The Internet of Things is equally a catalyst for Data Virtualization for some customers and potential clients. A heavy machines equipment manufacturing company uses sensors to constantly monitor the condition of its systems for performance and service needs, which it collects in a NoSQL database with Hadoop, he says as an example. That’s a huge volume of data and it has to be married to data stored in traditional systems that classify machines, their IDs, type, location, and so on. It then has to respond to queries about what system is in line for service soon or immediately report that something has broken down so that a replacement part can be automatically ordered.

An auto manufacturer with whom Shankar has had conversations sees a use case for Data Virtualization for the connected car:

“A vast amount of information about a car’s status will be coming into a large Hadoop data repository and will need to combine with information in existing systems that store other data about the car to provide information to the owner about needed services,” or other issues, he says. “Data Virtualization is able to do that.”

Issues to be Addressed

The technology is the easy part when it comes to selling the idea of Data Virtualization, Shankar notes. The Radiant Advisors report said that among the obstacles some companies face in getting Data Virtualization accepted is user resistance, citing issues such as power users at one organization who resisted the idea of providing a layer of abstraction between data stores and users of those stores.
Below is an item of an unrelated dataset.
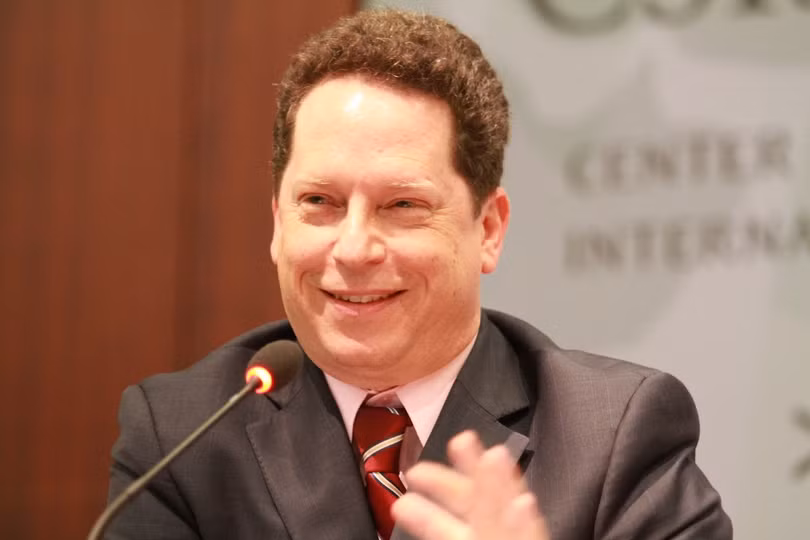 Ông Scott Kennedy, chuyên gia về Trung Quốc của Trung tâm nghiên cứu Chiến lược và Quốc tế (CSIS): nếu Trung Quốc thật sự đưa ra chính sách công nghiệp mới, giảm bớt vai trò của chính phủ, chuyển sang nhấn mạnh việc nâng cao hiệu quả sản xuất thì đó sẽ là “một sự chuyển biến tích cực”. Ông Scott Kennedy, chuyên gia về Trung Quốc của Trung tâm nghiên cứu Chiến lược và Quốc tế (CSIS): nếu Trung Quốc thật sự đưa ra chính sách công nghiệp mới, giảm bớt vai trò của chính phủ, chuyển sang nhấn mạnh việc nâng cao hiệu quả sản xuất thì đó sẽ là “một sự chuyển biến tích cực”.
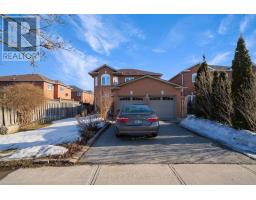 5 CLARESHOLME DRIVE, Toronto, Ontario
Shankar says he’s seen similar culture and political issues arise, as well. “People can be very protective of their systems and data,” he says. Data warehouses, CRM systems, and other data sources may all be managed by different teams, and they may be averse to the idea of giving others a view into all their data, for example. “We have seen gatekeepers try to stop people from entering into their systems.” But ideally, that will change once it becomes clear to them that Data Virtualization is non-intrusive, unlike physical data integration, so that data owners will be less reluctant to hold back their data from being shared.

If business users don’t see a need for quick, holistic access of different types of data quickly to perform their day-to-day job, though, they’re not going to buy into Data Virtualization. No matter how good any solution is, “if the business user doesn’t see its value any technology is useless,” Shankar says. However, in certain cases, the value can accrue purely for technical reasons. For example, IT teams have used Data Virtualization in application or systems modernization projects, where they provide an uninterrupted access to underlying data while replacing legacy databases with modern Big Data repositories. “It is like renovating your house while living in it.”

Shankar believes that, at least in the U.S., Data Virtualization is starting to take off, though it still needs to gain more traction in other parts of the world. What will help it continue to gain steam in the states and get into gear elsewhere, he thinks, is sponsorship of the concept – and that’s where the emerging role of Chief Data Officer comes in. (See recent DATAVERSITY® stories on the CDO role here and here.) That’s the prime constituent Denodo is now targeting, he says. That role “transcends business and IT and the person in it can dictate to gatekeepers that they can’t hold data back,” he says.